子どものためにしているように見えて、実は親自身のためになっていることがある。
何のことはない、子どもとは最高の教師であることに気づかされる。
私にとっては、野球観戦が、そうだった。
息子が喜ぶかと思って、野球を観に連れていくたびに、自分自身の幼いころの父とのつながりを思い出す。
あのカクテルライトのナゴヤ球場、ビールを飲んで赤ら顔の父。
白球の行方に、誰もが歓声を上げていた。
思春期を迎え、単身赴任となった父との距離が開くにしたがって、野球観戦からも足が遠のいていった。

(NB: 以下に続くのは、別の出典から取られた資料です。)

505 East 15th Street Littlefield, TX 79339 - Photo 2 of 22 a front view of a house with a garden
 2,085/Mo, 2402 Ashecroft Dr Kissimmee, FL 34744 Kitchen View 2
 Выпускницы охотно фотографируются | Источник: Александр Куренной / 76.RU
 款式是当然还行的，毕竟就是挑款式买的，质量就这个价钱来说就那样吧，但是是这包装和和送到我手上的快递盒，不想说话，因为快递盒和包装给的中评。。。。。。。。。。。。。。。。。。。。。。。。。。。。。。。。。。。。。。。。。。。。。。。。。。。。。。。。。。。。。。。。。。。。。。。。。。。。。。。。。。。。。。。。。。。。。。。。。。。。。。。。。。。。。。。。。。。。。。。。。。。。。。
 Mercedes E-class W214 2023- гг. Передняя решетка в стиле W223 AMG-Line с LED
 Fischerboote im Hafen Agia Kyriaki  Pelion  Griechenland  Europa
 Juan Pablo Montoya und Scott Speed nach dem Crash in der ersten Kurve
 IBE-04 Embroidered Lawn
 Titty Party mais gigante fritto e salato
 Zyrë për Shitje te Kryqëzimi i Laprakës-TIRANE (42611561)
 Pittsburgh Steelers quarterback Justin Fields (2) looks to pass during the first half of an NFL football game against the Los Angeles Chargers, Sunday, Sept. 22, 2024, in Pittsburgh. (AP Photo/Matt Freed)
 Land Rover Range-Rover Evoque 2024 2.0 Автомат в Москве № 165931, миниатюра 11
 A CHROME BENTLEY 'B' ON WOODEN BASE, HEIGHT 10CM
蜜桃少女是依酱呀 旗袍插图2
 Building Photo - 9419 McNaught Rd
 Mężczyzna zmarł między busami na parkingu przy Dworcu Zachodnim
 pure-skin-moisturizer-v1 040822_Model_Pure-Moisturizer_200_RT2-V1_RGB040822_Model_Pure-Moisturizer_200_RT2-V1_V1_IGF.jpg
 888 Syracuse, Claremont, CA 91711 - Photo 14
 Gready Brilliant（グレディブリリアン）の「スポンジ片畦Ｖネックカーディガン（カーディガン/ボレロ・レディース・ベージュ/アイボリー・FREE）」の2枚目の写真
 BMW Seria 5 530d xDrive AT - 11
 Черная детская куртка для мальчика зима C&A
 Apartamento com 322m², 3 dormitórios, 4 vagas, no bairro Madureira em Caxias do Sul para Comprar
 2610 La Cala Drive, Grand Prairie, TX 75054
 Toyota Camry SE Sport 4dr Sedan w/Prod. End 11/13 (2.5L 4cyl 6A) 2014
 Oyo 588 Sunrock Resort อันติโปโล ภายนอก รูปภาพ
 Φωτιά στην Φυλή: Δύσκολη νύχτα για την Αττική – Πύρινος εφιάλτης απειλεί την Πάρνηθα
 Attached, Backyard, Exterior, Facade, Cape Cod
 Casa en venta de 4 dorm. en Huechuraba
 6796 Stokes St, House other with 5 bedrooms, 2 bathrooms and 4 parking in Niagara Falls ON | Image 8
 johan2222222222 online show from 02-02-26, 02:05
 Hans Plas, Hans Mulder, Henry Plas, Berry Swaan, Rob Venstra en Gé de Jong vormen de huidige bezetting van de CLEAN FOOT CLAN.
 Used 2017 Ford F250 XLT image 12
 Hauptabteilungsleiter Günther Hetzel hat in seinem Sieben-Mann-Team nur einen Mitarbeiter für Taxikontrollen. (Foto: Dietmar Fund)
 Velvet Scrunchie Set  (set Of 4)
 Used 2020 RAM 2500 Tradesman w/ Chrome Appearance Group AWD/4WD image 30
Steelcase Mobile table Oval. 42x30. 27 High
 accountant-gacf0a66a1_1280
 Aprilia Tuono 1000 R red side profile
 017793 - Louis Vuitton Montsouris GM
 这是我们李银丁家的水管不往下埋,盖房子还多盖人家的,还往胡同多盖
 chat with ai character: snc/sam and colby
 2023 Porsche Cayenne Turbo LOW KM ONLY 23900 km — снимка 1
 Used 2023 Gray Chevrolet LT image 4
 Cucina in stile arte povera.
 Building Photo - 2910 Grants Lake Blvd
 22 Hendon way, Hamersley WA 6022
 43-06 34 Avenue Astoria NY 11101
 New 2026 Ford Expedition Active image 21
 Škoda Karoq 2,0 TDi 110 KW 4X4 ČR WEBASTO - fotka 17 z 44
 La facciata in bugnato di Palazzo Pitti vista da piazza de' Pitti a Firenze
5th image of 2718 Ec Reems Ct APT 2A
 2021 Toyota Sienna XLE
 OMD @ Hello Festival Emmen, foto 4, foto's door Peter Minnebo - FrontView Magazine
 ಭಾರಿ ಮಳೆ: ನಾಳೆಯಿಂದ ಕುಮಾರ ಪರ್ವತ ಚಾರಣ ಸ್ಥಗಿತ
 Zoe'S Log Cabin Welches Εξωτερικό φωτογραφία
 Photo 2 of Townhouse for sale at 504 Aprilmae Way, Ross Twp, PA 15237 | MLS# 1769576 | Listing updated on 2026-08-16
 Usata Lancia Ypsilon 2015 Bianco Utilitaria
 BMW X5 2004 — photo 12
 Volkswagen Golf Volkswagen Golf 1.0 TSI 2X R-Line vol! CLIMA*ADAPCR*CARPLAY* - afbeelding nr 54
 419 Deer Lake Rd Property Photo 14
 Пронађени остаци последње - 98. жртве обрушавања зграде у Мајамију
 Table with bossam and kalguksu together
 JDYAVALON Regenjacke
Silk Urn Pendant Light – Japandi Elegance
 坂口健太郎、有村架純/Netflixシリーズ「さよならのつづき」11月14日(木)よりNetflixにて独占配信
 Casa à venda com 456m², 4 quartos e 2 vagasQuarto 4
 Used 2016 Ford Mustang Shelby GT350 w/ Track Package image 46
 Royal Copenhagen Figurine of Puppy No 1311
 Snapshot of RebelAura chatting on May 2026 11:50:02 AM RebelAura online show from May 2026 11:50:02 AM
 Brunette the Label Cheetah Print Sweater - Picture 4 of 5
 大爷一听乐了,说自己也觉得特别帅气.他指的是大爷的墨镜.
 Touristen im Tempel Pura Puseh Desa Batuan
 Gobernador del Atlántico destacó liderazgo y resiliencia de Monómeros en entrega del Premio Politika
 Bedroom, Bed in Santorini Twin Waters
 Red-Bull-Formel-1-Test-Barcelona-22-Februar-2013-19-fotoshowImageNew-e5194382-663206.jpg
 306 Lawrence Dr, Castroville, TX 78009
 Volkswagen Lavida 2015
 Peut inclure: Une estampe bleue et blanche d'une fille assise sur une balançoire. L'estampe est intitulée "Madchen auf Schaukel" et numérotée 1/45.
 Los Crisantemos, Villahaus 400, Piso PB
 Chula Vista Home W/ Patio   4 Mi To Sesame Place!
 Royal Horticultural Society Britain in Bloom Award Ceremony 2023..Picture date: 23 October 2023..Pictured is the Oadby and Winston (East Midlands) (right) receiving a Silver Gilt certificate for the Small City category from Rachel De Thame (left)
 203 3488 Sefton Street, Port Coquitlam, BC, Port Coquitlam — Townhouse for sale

ドラゴンズの本拠地も、あのナゴヤ球場からナゴヤドームへと移転していた。
悲しいできごとがあり、自分が楽しむことを抑え込む中で、ナゴヤドームは近くて遠い場所だった。
息子が、それをまたつながてくれたように思う。
その息子は、今日はお留守番。
一人で、野球場の空気に、ライトスタンドの熱気に、浸りたかった。
いろんな性格診断や、姓名判断を受けても、必ず言われるのが「一人の時間が重要」ということだ。
獅子座の、性なのかもしれない。
そんな私だが、それでも周りの目は気にするものだ。
この日は、右隣は学生と思わしき若い3人組、左隣はカップル連れ。
それでも、周りを見渡せば、私のように一人で来ていると思わしきファンもいた。
足を運ぶ。
声援が、力になる。
なんとか、一緒に勝利を。
そんなことを、本気で信じているファンたちだ。
今日の先発は、エース・小笠原慎之介投手。
まっさらなマウンドに、ゆっくりと歩みを進める小笠原投手。
ホームチームの先発投手にのみ与えられる、唯一無二の時間。
この光景が、何よりも好きだ。
久しぶりのライトスタンドは、記憶の中のそのままに、熱気に満ちていた。
応援する選手と、チームと、何とか勝利を。
その想いで、声援を送る。
グラウンドから見たら、私は豆粒のなかの一人かもしれない。
それで、いいのだ。
そこにいるときは、私は誰かにならなくてもいい。
それが、いいのだ。
試合は息のつまる投手戦となり、我慢比べのような戦い。
小笠原投手は、7回1失点で降板。
先発としてはこれ以上ない働きに、勝ちがつかないのは残念ではある。
1点をめぐる、手に汗握る攻防。
8回のマウンドに上がったのは、祖父江大輔投手。
安定した投球でブルペンを支える祖父江投手が、しっかりとバトンをつなぐ。
そして9回は守護神ライデル・マルティネス投手とつなぎ、失点を防ぐ。
しかし、打線は9回裏にサヨナラのチャンスを迎えるも、相手投手も踏ん張り、決着がつかず延長戦へ。
引き分けも頭によぎり始めた11回裏。
2死から満塁の好機から、ルーキー・村松開人選手が値千金のサヨナラタイムリーヒット。
狂喜乱舞のライトスタンド。
見知らぬ周りのファンたちと、喜びを分かち合う。
鳴りやまない歓声は、小さな私が聞いたそれと、同じだった。
勝負を決めた村松選手の、ヒーローインタビュー。
そういえば、小さな私もヒーローインタビューが好きだったことを思い出す。
あの遠きナゴヤ球場は、燃えているのだろうか。
サヨナラ勝ちが、童心を思い出させてくれた。
また、応援に行こう。
小さな私を、笑顔にしに行こう。